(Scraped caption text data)

• • •

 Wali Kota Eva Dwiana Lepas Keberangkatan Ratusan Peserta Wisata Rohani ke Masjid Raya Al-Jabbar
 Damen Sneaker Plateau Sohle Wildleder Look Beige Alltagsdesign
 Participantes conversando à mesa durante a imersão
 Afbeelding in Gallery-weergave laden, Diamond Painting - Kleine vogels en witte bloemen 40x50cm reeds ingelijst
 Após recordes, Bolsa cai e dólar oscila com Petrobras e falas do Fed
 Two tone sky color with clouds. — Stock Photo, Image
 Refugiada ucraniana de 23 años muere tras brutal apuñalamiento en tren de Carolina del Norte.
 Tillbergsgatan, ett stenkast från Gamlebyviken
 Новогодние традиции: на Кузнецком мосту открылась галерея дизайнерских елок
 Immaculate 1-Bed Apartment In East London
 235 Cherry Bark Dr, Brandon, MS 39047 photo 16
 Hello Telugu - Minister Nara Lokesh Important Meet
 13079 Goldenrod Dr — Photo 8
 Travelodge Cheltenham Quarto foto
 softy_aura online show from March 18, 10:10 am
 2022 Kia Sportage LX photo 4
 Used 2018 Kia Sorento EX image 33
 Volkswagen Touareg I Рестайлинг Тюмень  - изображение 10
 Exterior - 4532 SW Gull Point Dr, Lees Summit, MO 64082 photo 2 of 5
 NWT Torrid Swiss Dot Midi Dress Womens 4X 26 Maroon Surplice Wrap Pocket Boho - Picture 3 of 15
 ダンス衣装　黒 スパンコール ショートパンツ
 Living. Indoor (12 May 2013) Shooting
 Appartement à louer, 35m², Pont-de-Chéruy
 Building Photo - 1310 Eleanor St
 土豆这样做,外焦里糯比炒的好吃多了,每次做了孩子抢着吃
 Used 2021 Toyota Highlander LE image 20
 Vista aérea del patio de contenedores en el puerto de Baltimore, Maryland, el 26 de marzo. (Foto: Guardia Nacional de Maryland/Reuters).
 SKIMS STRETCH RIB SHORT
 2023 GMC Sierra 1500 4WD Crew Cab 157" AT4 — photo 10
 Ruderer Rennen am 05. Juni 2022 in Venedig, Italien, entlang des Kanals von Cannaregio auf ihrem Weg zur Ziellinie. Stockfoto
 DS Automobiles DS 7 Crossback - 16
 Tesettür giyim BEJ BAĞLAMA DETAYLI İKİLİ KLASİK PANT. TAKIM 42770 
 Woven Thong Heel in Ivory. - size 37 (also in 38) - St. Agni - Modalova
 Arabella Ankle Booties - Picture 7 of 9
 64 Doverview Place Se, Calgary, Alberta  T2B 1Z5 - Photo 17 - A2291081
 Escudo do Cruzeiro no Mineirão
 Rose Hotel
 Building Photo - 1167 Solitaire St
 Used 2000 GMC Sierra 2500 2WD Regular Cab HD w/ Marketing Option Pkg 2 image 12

• • •

__DIRECTIONS FOR THIS TASK__
Every line from the one containing "Arabella Ankle Booties - Picture 7 of 9" to the end of the entries must be set down exactly, with none omitted and none added.

__RESPONSE TO THE TASK__
 Arabella Ankle Booties - Picture 7 of 9
 64 Doverview Place Se, Calgary, Alberta  T2B 1Z5 - Photo 17 - A2291081
 Escudo do Cruzeiro no Mineirão
 Rose Hotel
 Building Photo - 1167 Solitaire St
 Used 2000 GMC Sierra 2500 2WD Regular Cab HD w/ Marketing Option Pkg 2 image 12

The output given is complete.